◆ **What you should do**:
Please set down, unchanged, each line from the one with "KIA RIO Gt-Line" to the final line of the data below, both included. Drop the pictures.

[Data entries]
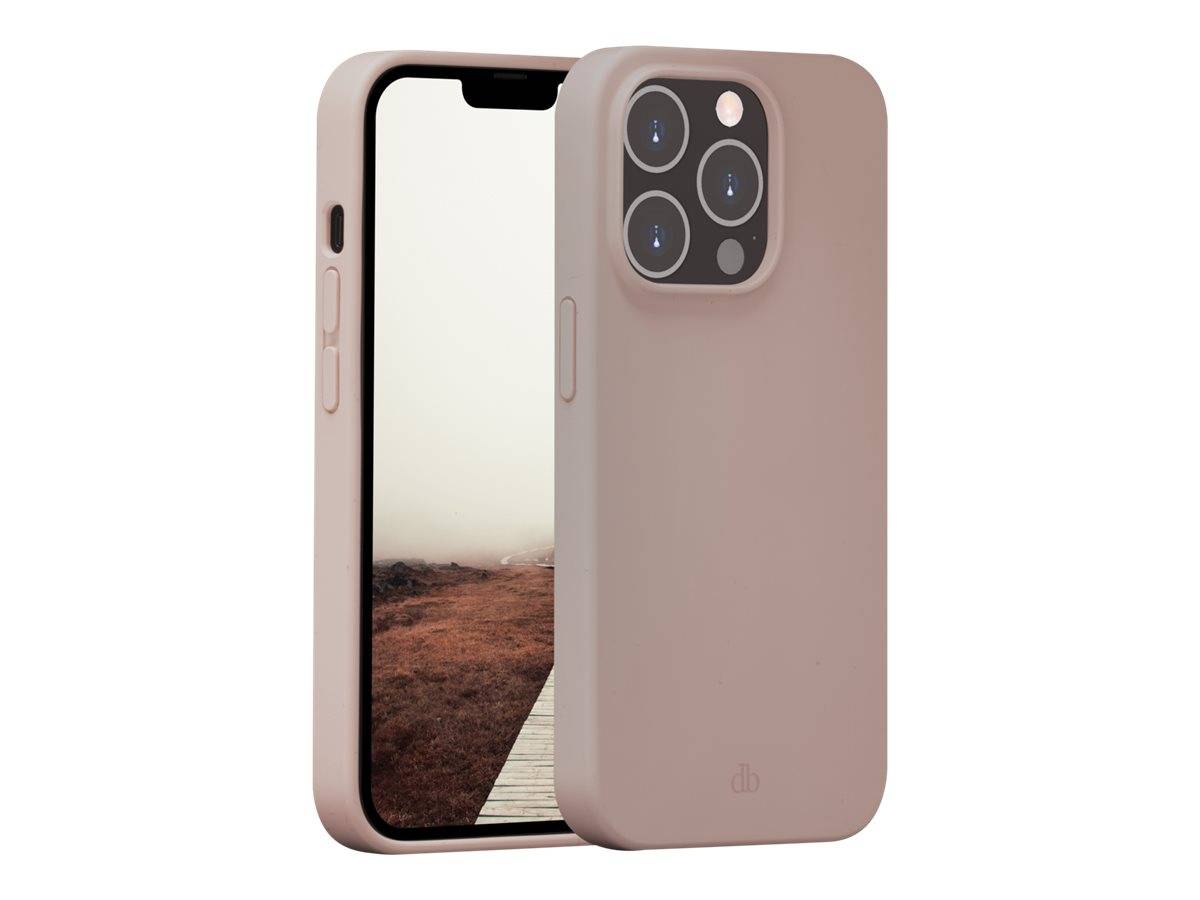 dbramante1928 Monaco - Hintere Abdeckung fürMobiltelefon -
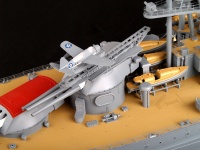 US Battleship Arizona - 1/200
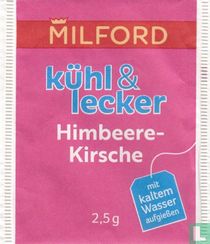 Himbeere-Kirsche  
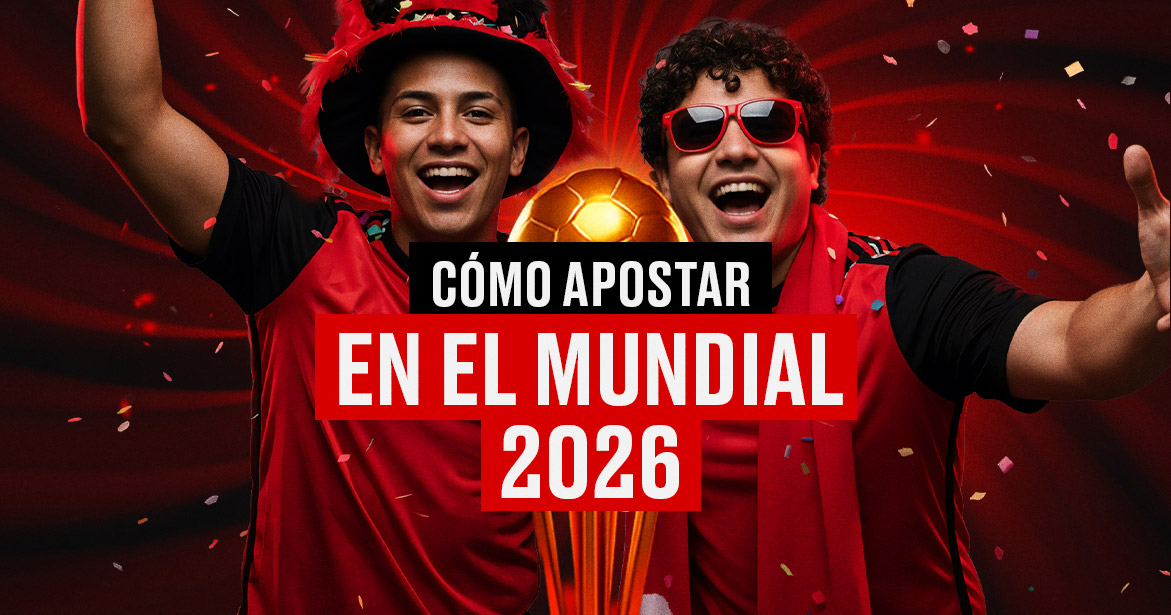 como apostar en el mundial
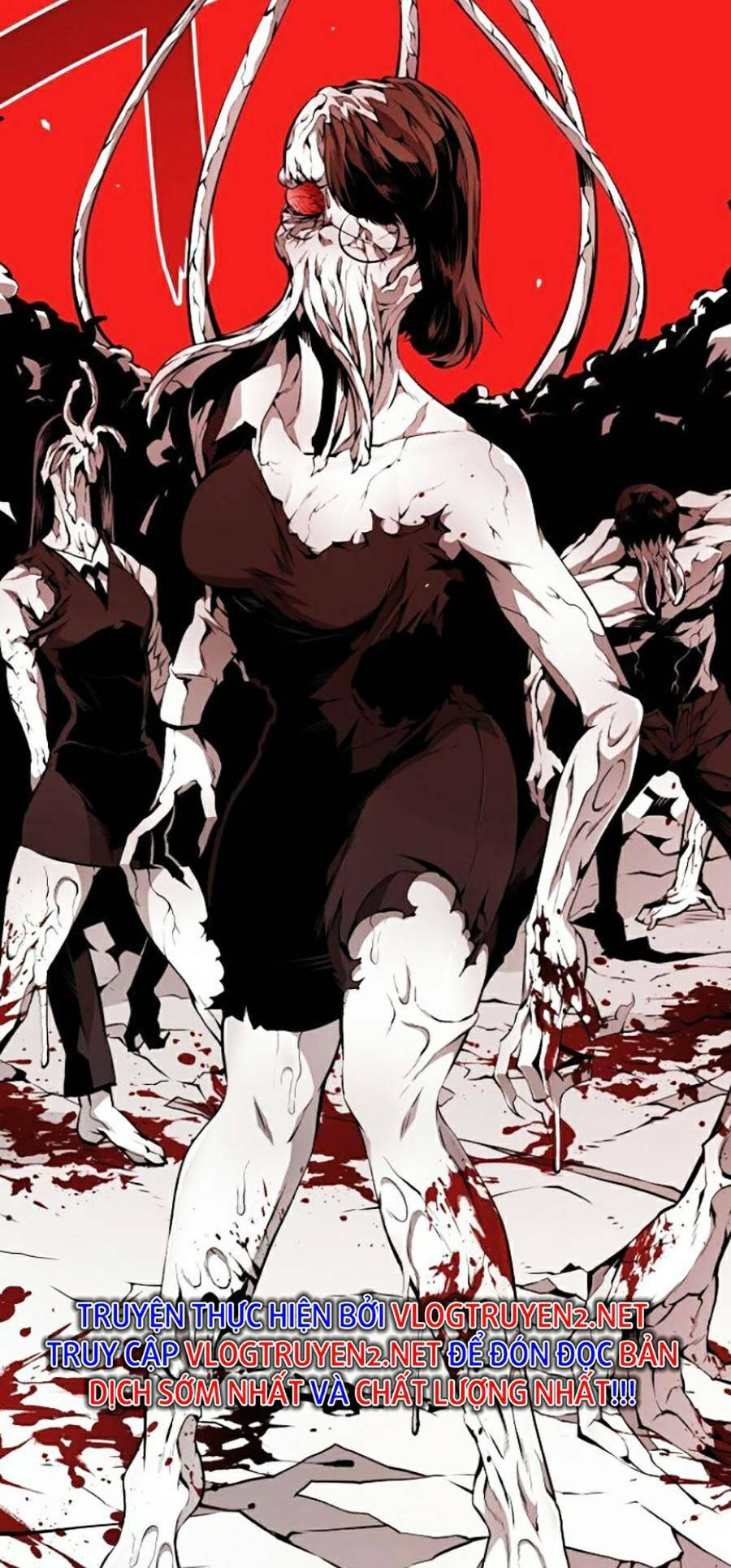 Cuồng Thú - Chapter 18 - Page 78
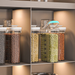 Grain Box Rice Household Insect-Proof Moisture-Proof Kitchen Storage Food-Grade Container Sealed Jar_maomaolike.com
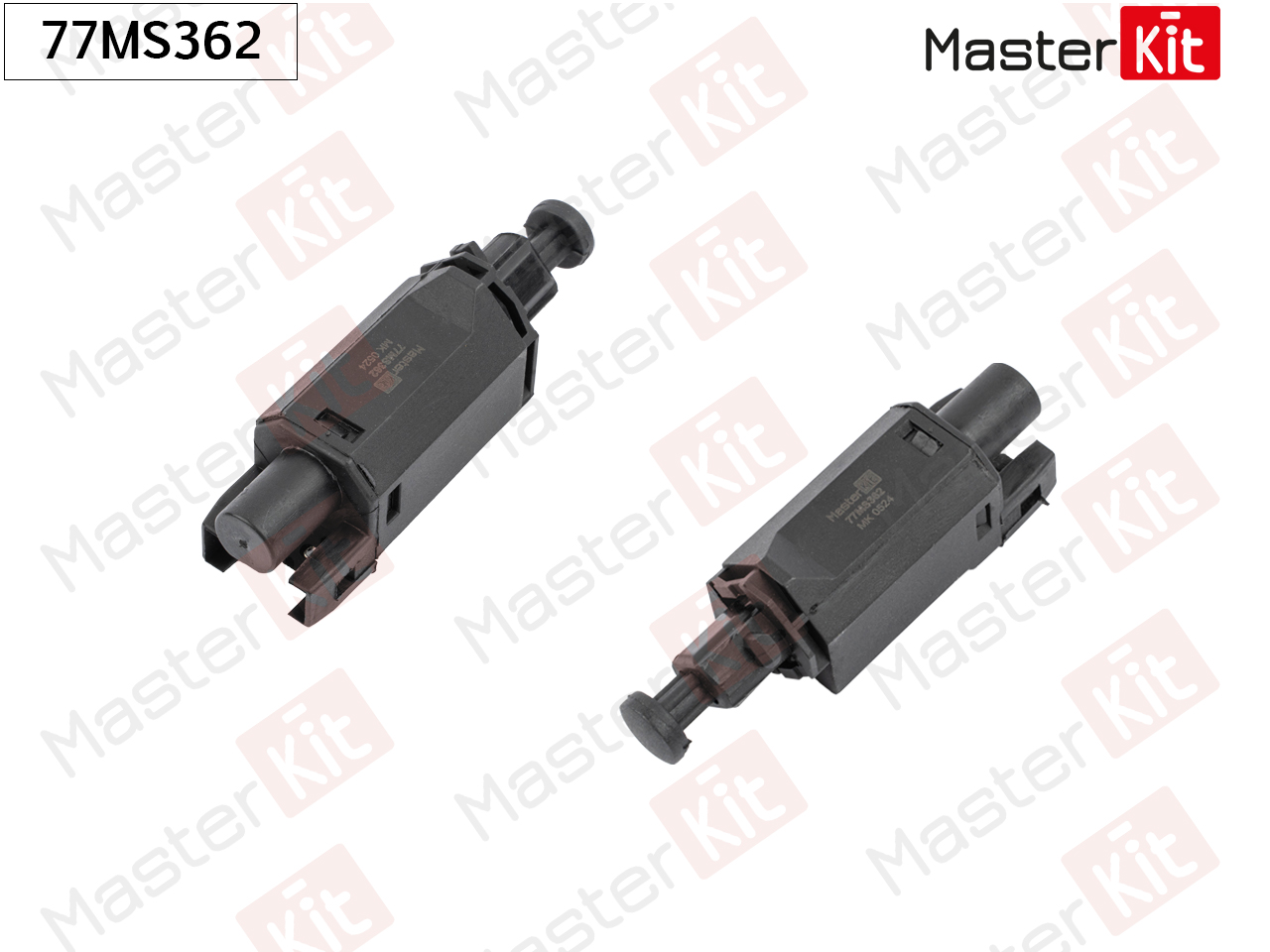 Датчик стоп-сигнала - Master KiT 77MS362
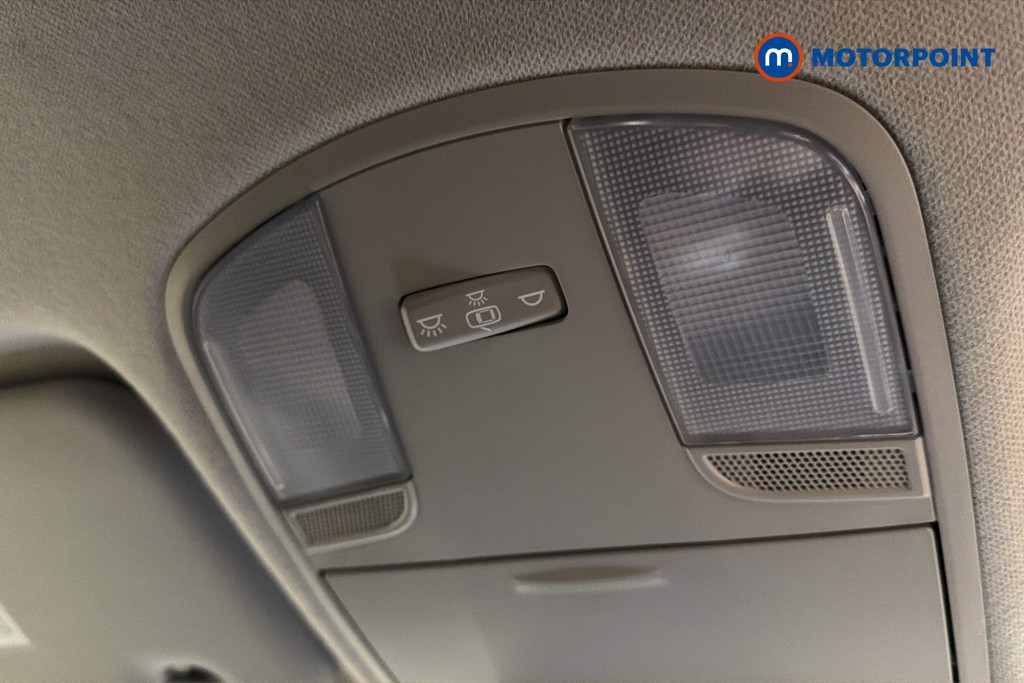 KIA RIO Gt-Line S Automatic Petrol Hatchback - Stock Number (1624744) - 18th supplementary image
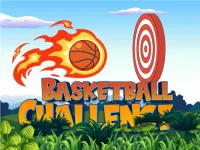 Basketball Challenge Online Game image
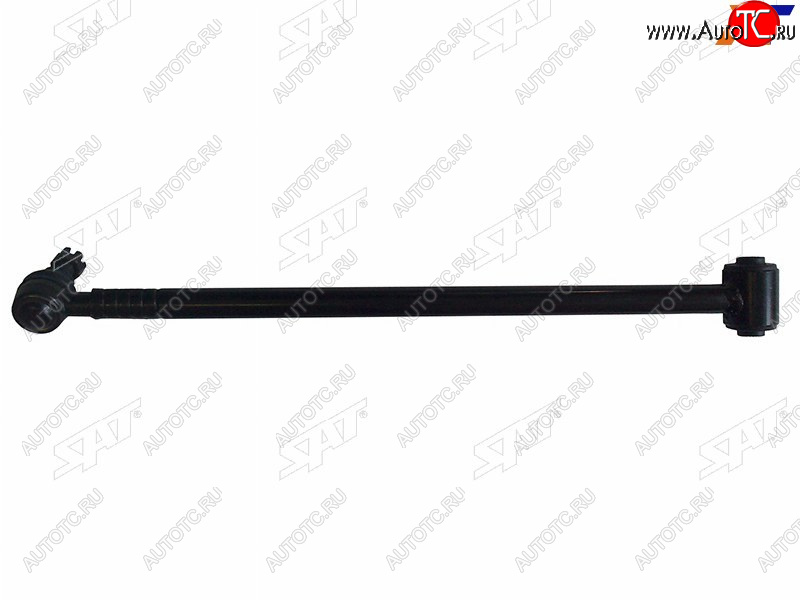 1 799 р. Тяга поперечная задней подвески верхняя RR TOYOTA RAV4 94-00 RH SAT ST-48770-42010  с доставкой в г. Пермь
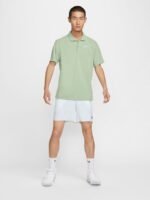 Nike Court Dri-FIT Men Tennis Polo T-shirt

◆ **Task output**:
 KIA RIO Gt-Line S Automatic Petrol Hatchback - Stock Number (1624744) - 18th supplementary image
 Basketball Challenge Online Game image
 1 799 р. Тяга поперечная задней подвески верхняя RR TOYOTA RAV4 94-00 RH SAT ST-48770-42010  с доставкой в г. Пермь
 Nike Court Dri-FIT Men Tennis Polo T-shirt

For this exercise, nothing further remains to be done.